Motivational Reaction Units

I wrote about 600 words last night, and I was attempting to use the Motivational Reaction Units (MRU) style.  The idea is that the narrative follows this format:

Event (motivation) happens. It’s something that anyone in the room or scene could see or hear or sense. For example, Elsa, Anna, and Olaf walked into the room.

Characters react instinctively; then with thoughts; then words.
The protagonist first reacts instinctively. Taylor threw up her hands. This happens first because it’s the natural reaction, the instant reaction.
What is that? she thought.
Then she finds her voice: “A walking, talking snowman?” she asked.

Let’s view that as one unit:
Elsa, Anna, and Olaf walked into the room. Taylor threw up her hands. What is that? Taylor thought. “A walking, talking snowman?” she asked.

Then you repeat the format. What would happen next in a scene where a young pop singer meets the cast of Frozen and they’re real? Remember the format:
Action
Instinctive reaction.
Thought.
Speech.

By making up these motivational-reaction-units, you will create strings of an interesting narrative, in the sense that each one will move the story along in a brisk manner. Taking the elements out of order is jarring to the reader.
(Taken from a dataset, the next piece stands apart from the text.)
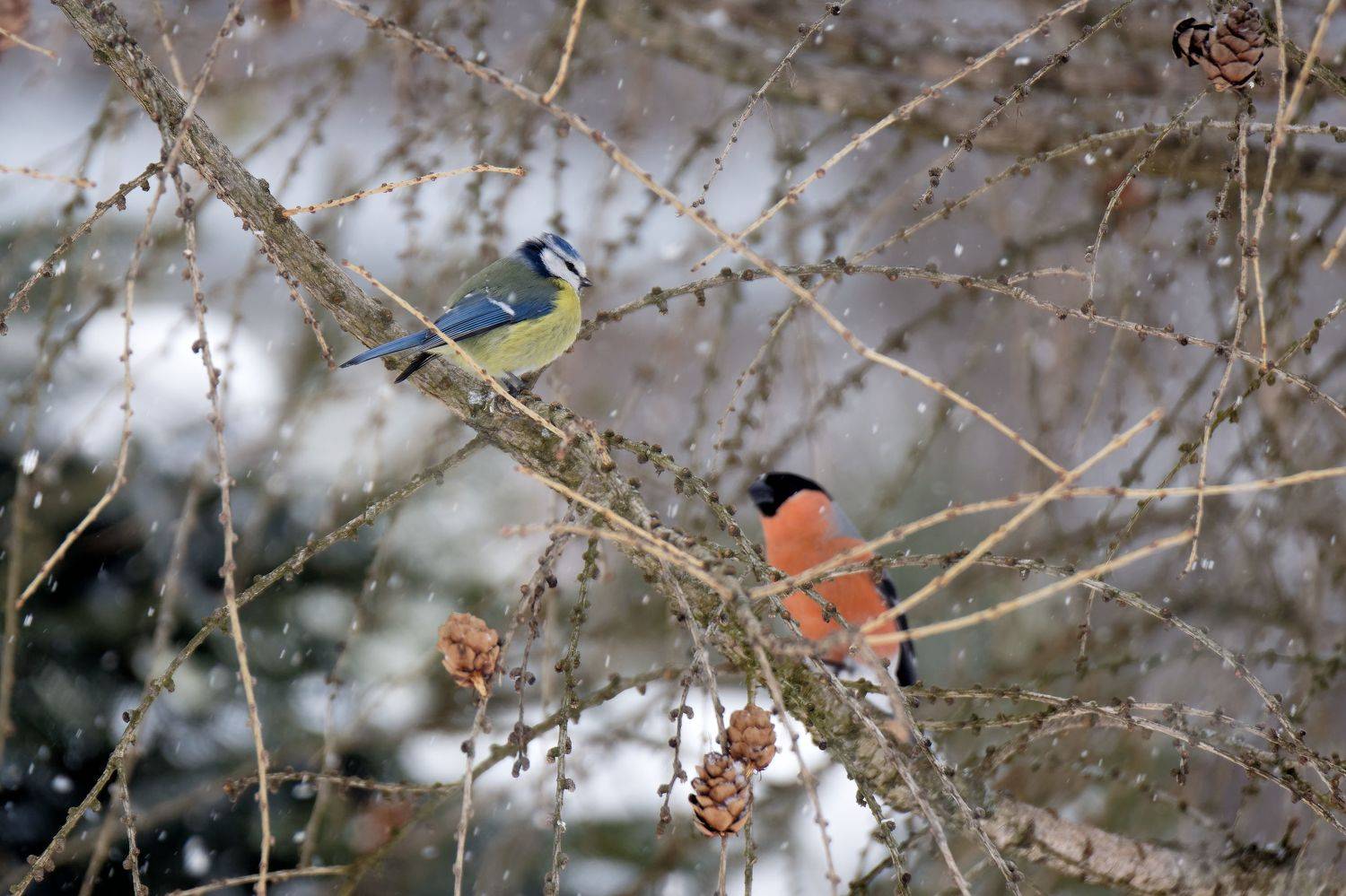 , Пётр Калачев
The order is exactly how it would be done in a movie. You don’t hear speech and then see a reaction. It’s the other way around.

Sure, it’s easy to say, but does it work?  And does great literature employ it? What about great fiction? If I go to Mr. Tolkien’s opus and try to match this method up to his fiction, is the template going to fit, or did he do something different? You’re saying, but, but, that’s TOLKIEN, dude, that’s different, he can break rules because he’s the man.  So what? Does he have a good commercial sales technique, does he employ MRUs or not?  And if he does something different, why does it work and what is his method?
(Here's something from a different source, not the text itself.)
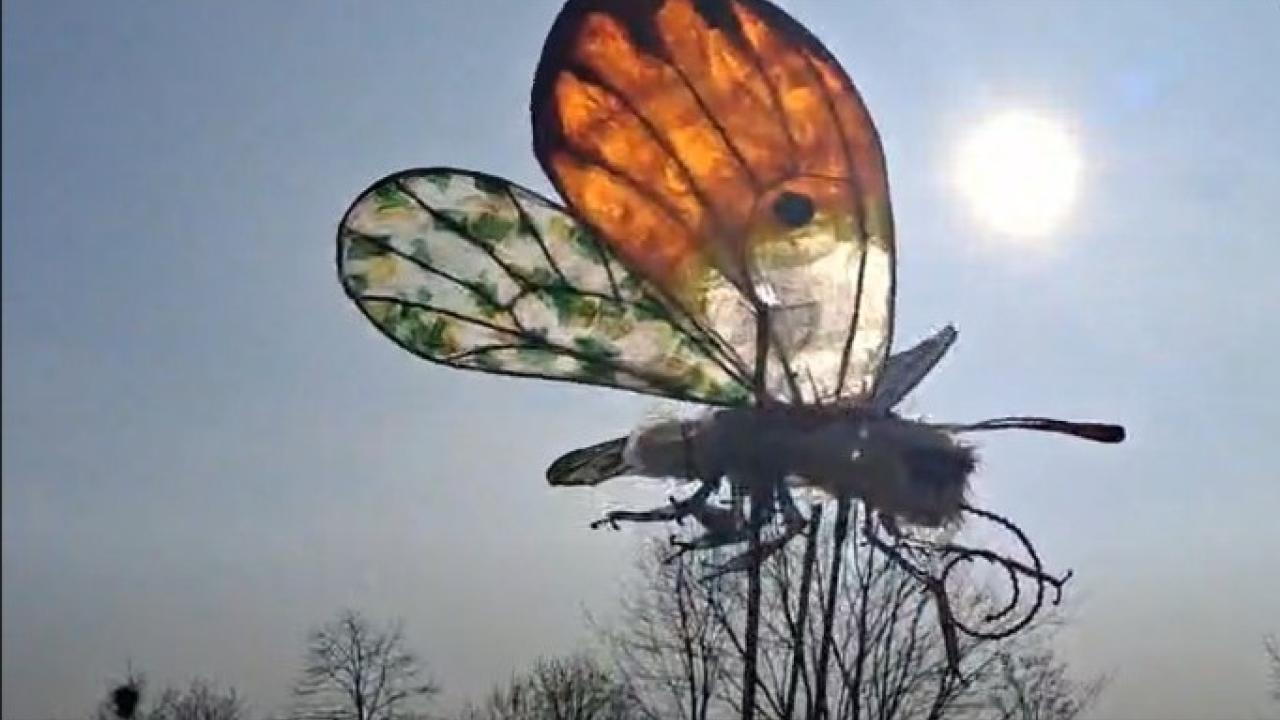 PATRICK AMBER butterfly.jpg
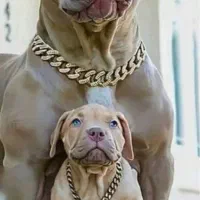 سگ پیت بول توله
And does any combat vet pan his books by saying, “Tolkein doesn’t know squat about cavalry charges, everyone knows who’s done one that it isn’t like what he wrote.” or “Helm’s Deep was totally unrealistic, I fight in the SCA and that’s not how combat really is.”

As a side note, the Hobbit clearly doesn’t utilize the Scene/Sequel format.

Back to MRUs. I am doing my best with them, but then my characters want to talk to each other and it doesn’t fit the MRU template.  Maybe it does.  Is this a format you have attempted, and if so, was it successful or was it an exercise?